If you have read this far, then I can assume you have seen the movie or don’t care,
First, let me say I was pleasantly surprised by the film. The previews made Holmes seem more like an action hero, but that was not the case. Holmes was more brawny than previous incarnations, but except for occasional fisticuffs, Downey’s Holmes was as effete, proper, and pompous as ever. But more importantly, he remained every bit the intellectual the character should be.
I liked the way Watson was portrayed. He was less Holmes lap dog and more his equal, every bit as sharp as Holmes. And it was obvious that Holmes really cared for him. The one small downside to this, however, is that Watson was less in his role of needing everything explained to him. So there was less running commentary on Holmes musings about the case.
This was a factor in my only minor complaint about the movie – the clues were not sufficiently accessible to the audience. Holmes figures things out by applying his rarefied knowledge, which is fine and is certainly part of the character – but there also should be a balance of those clues that can be reasoned out even without knowing ahead of time that a paralytic poison can be made from dehydrated rhododendron.
Perhaps this difference results from the medium – cinema vs book – but I don’t think that entirely explains it. My concern is that it makes scientific knowledge seem inaccessible – almost magical.
I have this quibble, however, because otherwise the movie was awesome and true to the rational icon of Sherlock Holmes. Throughout the movie the villain attempts to take control by using trickery to duplicate paranormal powers. He attempts to use fear and superstition to panic the masses. He even makes an all-out effort to get Holmes to abandon his strict adherence to rationality and “broaden his view” to accept the apparently paranormal happenings around him.
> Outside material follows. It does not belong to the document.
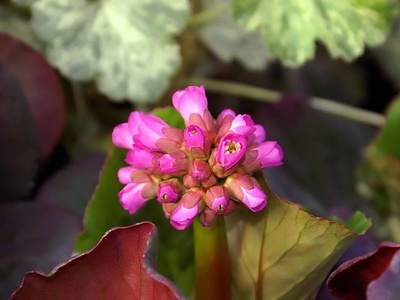 Bergenia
While watching the film I was concerned that the writers had thrust Holmes into a paranormal universe. That would have been a disaster, and I would be writing a very different review if that were the case. But in the end we are rewarded – Holmes did not waver from reason for a moment. And in the end reason wins the day.
And that, of course, is my favorite thing about the character of Sherlock Holmes. He is a celebration of reason, rationality, science, and knowledge in general. I have read that Arthur Conan Doyle (who himself believed in fairies and spiritualism) meant for Holmes to be a caricature of the hyper-rational snob. But Holmes took on a life of his own – it seems the public liked Holmes and his superstar intellect more than Doyle.
Recently we have seen a resurgence of the Holmes archetype in fiction. House is a carbon copy of Holmes, down to his narcotic addiction. The Mentalist, The Eleventh Hour, CSI, and Bones all have characters that channel the great detective.
And now Holmes is brought back to the big screen, with an obvious setup for sequels. I hope we are seeing a cultural backlash against the burgeoning irrationality of the last couple of decades. Let the pendulum swing.